In this allegory, people are in a cave, chained to a wall in such a way that they can only face one way and essentially have no knowledge that there is anything behind them. But behind them are puppet performers and behind the performers there is a fire. Further behind this is a passage that leads outside the cave to the sunlight. The people in the cave only see the shadows on the wall the face. The shadows are created by the performers. So, the chained people only see a semblance of the truth. The absolute Truth lies outside the cave in the sunlight. So, the people in the cave are thrice removed from absolute Truth: Sun/Truth - Performers/Fire - Shadows. 


This allegory shows that there is more to truth or "reality" than what we see and experience.

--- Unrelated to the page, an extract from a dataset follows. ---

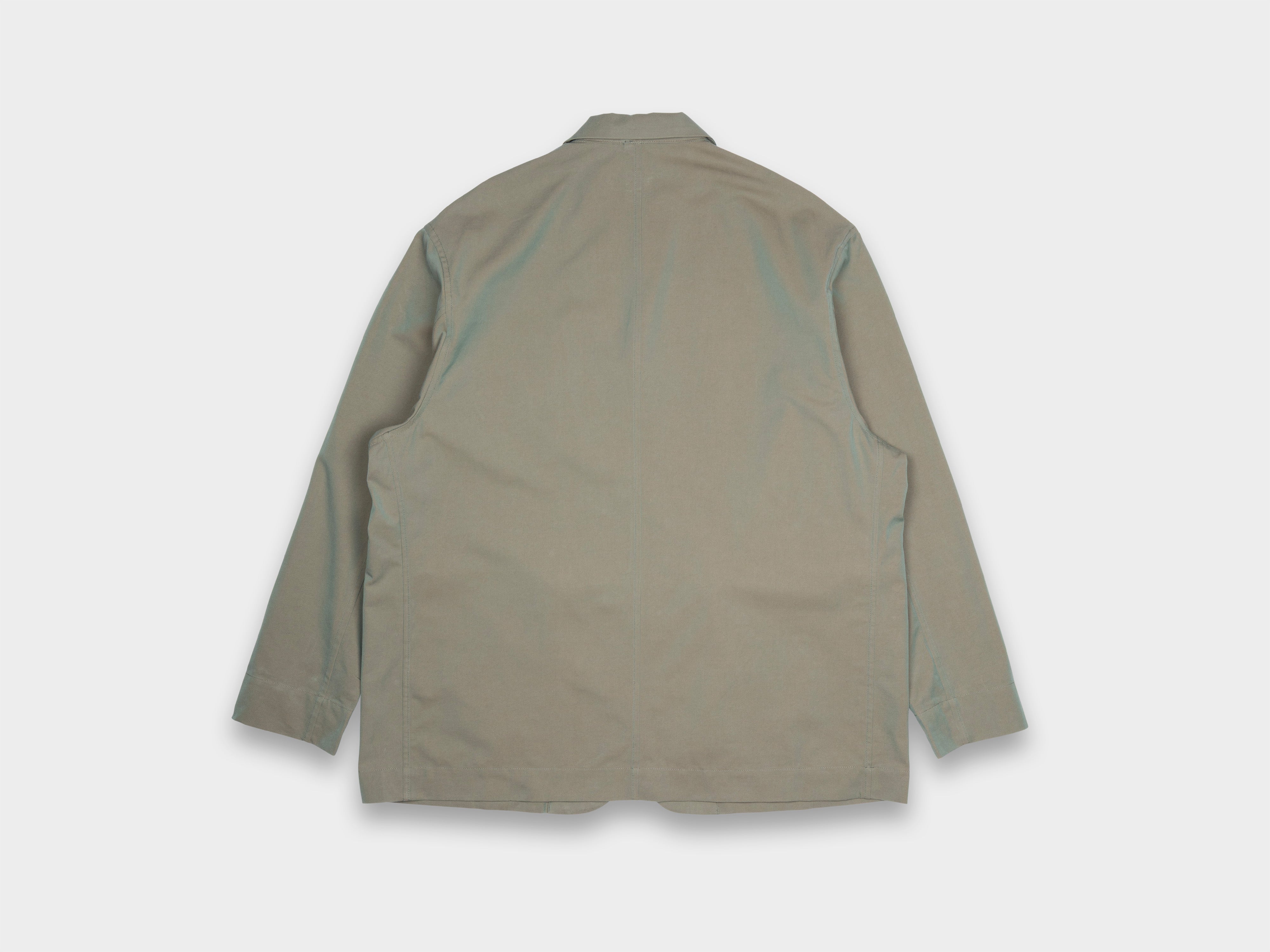 R22Y4 "Big Blazer" Pond Gabardine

In Plato's Idealist philosophy, the allegory is meant to show how his abstract Forms (Ideal ideas of things in their perfect form of Truth) are three times removed from our normal experience. The allegory also suggests that philosophers or the philosopher-king rulers he talks about in The Republic, should (after they become enlightened in seeing the Truth/Sun) go back into the cave (back to the city/society) in order to rule and educate the masses. 


This allegory is a classic structural way of presenting the notion of "thinking outside the box." In this case, the box is a cave, but Plato has other applications of the metaphor, as discussed above. 


What causes people to experience things so far from Truth? This is a broad topic, so there is too much to go into here. But consider things like culture, ideology, our fallible senses, and tradition as things which structure our thinking and behavior. Plato was "caused" or motivated to write the allegory to illustrate how people should aspire to greater truths that they should go above and beyond traditional ways of thinking. The hope is that this will create many effects: a more educated public and more particularly, a more educated body of leaders. 


In the history of Western Philosophy, this allegory has had a great effect on subsequent thinkers. Philosophers have debated different interpretations of the allegory but all consider it to be one of the most important allegories of seeking truth and wisdom.